Edit: this was with a freshly replaced transceiver since I was worried the last one may have been bad… maybe the problem is in the adapter board I made?

So, the scope arrived, excellent! Is the signal above really measured on the Rx pin? The signal looks more like the CAN bus between H and L.

Yeah, can is a differential line so that looks perfect to me if you are measuring one of the two lines w.r.t. GND. What about using one line as a virtual ground to get the signal on the other? I mean, the terminal resistor is probably a little off because the leading edge signal is a little smoothed over but you can tune it. What is the terminal resistor value, and what is the can speed? I’m speculating since there is not actual picture or schematics, I could be totally wrong of course here.

If you mean to put the ground clip on the other differential line, this does not work because the probe is earth referenced through the oscilloscope via shield of the probe (if you had a differential probe, then you can do that). What you can do, however, is measure each signal referenced to ground, and then subtract them on a math channel (most digital oscilloscopes will have this). But like @Grizzly mentions, you probably mean to be looking at CAN RX/TX, not CANH/L. The transceiver needs to adjust the DC levels for whatever the common mode on the bus is, it has a number of jobs- I think you only need to be as concerned about getting a valid signal out of the micro, on CAN Tx/Rx.

Does sigrok have a CAN/FDCAN decoder? That would be a nice way to see what’s going on…

It does and without it my lib would probably not exist :wink:!
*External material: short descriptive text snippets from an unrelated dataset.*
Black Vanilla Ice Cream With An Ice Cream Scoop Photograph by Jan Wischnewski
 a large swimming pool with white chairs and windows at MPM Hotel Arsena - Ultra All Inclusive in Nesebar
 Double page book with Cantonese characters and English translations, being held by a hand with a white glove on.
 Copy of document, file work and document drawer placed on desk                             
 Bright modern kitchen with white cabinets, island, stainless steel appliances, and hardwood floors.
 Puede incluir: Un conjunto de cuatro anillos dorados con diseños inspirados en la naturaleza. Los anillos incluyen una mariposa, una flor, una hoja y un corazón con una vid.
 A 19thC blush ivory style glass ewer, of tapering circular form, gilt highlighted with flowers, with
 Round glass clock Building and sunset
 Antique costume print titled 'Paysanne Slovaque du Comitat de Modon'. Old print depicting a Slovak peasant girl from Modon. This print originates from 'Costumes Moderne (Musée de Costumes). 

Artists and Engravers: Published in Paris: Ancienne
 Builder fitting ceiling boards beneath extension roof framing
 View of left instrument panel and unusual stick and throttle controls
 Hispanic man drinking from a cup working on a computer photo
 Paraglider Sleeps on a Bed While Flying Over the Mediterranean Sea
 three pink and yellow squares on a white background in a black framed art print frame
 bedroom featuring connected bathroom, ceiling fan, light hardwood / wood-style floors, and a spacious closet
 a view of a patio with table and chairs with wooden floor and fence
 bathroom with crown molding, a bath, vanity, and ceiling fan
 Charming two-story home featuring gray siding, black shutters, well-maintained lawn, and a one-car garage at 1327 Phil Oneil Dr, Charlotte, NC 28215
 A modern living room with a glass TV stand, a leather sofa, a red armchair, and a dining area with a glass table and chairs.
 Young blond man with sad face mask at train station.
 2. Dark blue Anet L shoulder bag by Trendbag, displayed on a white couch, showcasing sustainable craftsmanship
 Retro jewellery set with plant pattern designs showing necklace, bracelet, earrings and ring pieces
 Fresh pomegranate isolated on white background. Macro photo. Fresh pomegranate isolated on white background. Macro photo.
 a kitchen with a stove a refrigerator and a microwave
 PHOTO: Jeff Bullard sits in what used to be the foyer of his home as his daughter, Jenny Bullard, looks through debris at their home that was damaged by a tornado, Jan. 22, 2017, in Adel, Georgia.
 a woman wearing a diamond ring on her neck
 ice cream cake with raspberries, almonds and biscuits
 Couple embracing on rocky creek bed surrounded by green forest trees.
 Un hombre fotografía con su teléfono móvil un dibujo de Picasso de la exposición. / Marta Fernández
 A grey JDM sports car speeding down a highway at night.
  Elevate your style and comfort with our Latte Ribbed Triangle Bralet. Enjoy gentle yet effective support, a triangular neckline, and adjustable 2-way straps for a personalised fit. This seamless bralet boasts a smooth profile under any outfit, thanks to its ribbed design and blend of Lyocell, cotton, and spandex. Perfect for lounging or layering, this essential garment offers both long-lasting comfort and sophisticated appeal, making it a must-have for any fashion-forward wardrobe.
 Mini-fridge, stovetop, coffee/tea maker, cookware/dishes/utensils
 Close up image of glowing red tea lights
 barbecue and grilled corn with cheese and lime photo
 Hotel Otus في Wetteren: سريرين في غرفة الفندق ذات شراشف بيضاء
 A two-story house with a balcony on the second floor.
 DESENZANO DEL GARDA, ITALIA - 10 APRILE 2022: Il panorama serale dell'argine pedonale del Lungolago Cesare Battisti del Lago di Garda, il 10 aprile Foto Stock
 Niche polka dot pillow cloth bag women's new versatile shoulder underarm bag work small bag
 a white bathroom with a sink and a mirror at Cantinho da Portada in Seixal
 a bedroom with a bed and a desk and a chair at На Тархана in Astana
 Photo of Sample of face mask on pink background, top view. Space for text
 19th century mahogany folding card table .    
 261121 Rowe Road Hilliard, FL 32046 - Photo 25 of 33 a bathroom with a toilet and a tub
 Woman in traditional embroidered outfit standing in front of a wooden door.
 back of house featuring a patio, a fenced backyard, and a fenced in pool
Yes, that is really measured on the RX pin. Very strange… it’s more difficult to trigger on the RX pin than on the actual CAN L/H lines due to the small voltage drop. It’s only doing this on the one board, the two pi picos on the bus are using the same transceiver but don’t have this issue and do the full 3.3->0 drop instead of just to ~2.6V.
Edit: One thing I did notice is the 3v3 line is pretty noisy, with consistent ripples between 3.35 and 3v, with more intermittent drops to 2.8v. Could that indicate power issues?

The scope software I have includes a decoder, and they for the most part look the same as what I’m seeing on my logic analyzer on the H/L lines, and matches what the other boards on the bus are seeing.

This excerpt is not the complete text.